──────── Dataset excerpts

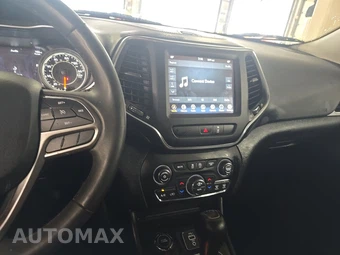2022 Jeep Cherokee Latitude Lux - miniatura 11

────────────────
──────── Dataset excerpts

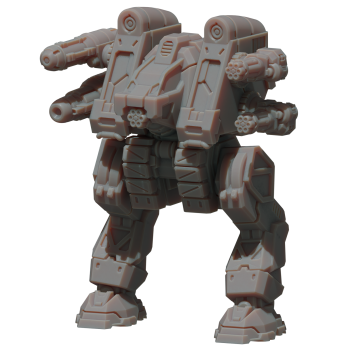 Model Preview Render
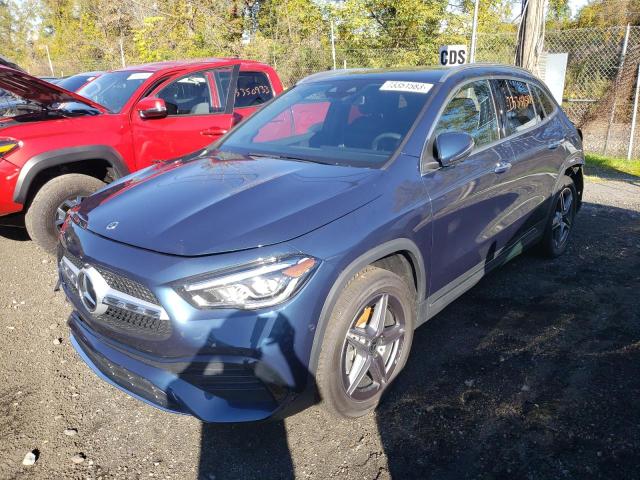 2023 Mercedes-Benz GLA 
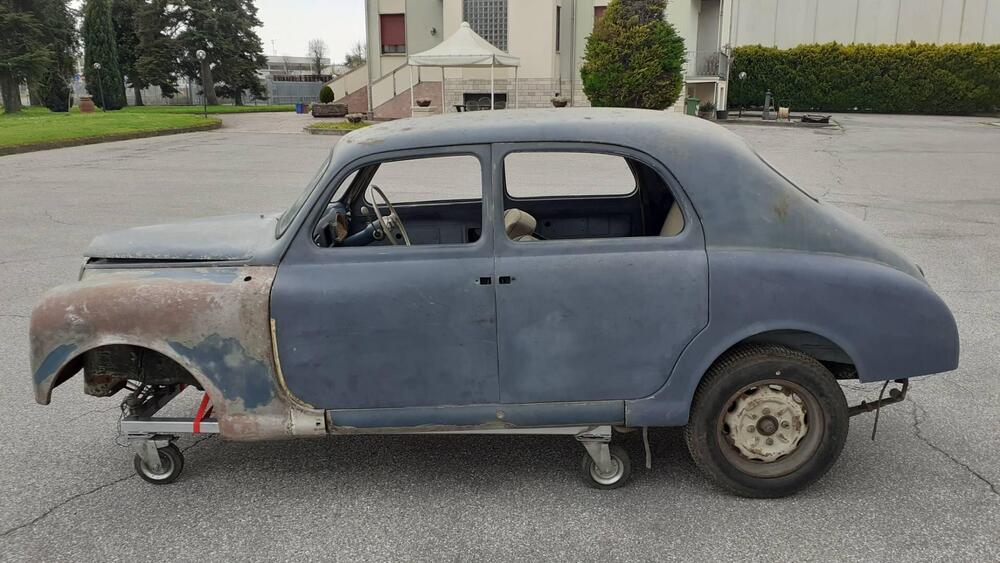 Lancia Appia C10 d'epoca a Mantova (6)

────────────────

> [Your objective]: Pictures aside, return exactly the lines from the data above, starting at the line that has "2023 Mercedes-Benz GLA" and ending at the line that has "Lancia Appia C10 d'epoca a Mantova (6)", both included.

> [Your response]:
 2023 Mercedes-Benz GLA 
 Lancia Appia C10 d'epoca a Mantova (6)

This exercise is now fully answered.